"Automakers see great promise from their driver-assist technologies, and we are urging consumers to check them out, but the choice to purchase one or more belongs to consumers," said Gloria Bergquist, vice president of the alliance.
"In this still-fragile economy, maintaining affordability of new vehicles remains a concern," she said. "Today, the average price of a new vehicle is $30,000, more than half the median income in the U.S."
But NTSB board member Robert Sumwalt said the technologies can be added to cars relatively inexpensively.
"Some of this technology can be done for literally just a few dollars," he said. "I don't think we're talking about adding thousands of dollars to a car."
That's because many of the safety features rely on the same electronic sensors and computers.
"While it sounds like a lot of items, basically you are taking advantage of the sophisticated electronics in all modern automobiles," Ditlow said.

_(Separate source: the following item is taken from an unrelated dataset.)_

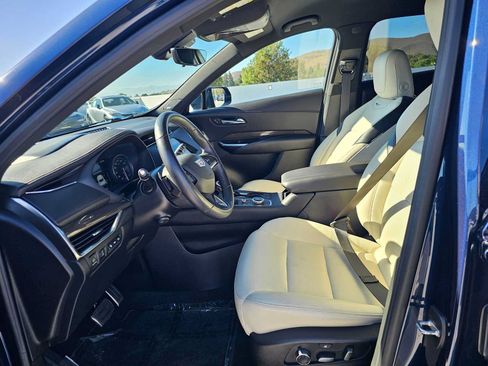 Used 2022 Cadillac XT4 Sport FWD image 20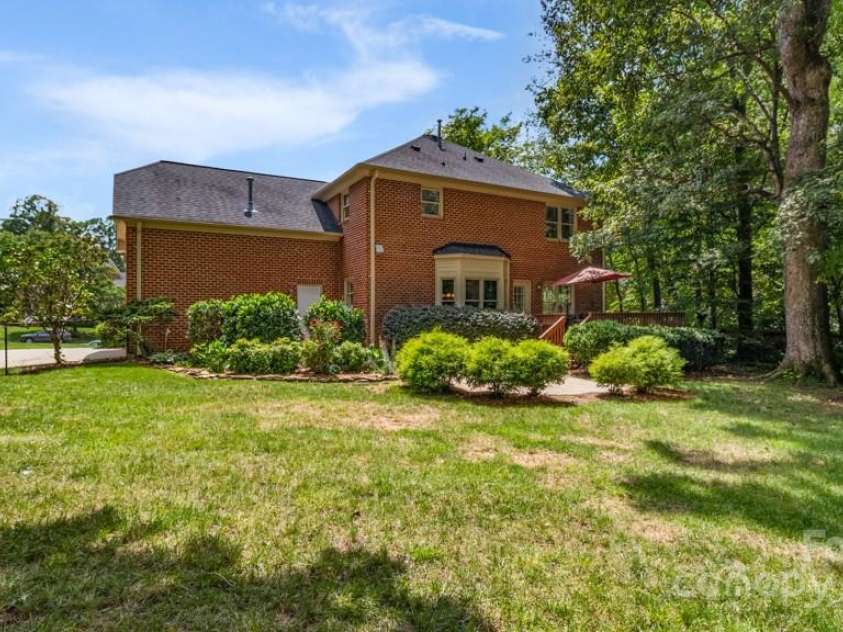 12 Westridge Court, Greensboro, NC 27410.  MLS# CAR4284316, YatesRealty ID 28910.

This year's most-wanted list also includes a recommendation that states and regulators ban nonessential use of cellphones and other distracting portable electronic devices by operators across all modes of transportation — cars and trucks, planes, trains and vessels.
The board said it has investigated numerous accidents and incidents in which operators were so engrossed in their devices that they lost awareness of their situation. As part of the recommendation, the board urged device manufacturers to perfect technology that disables cellphones and other devices when they are within reach of an operator while the car, truck, plane, train or vessel is in operation.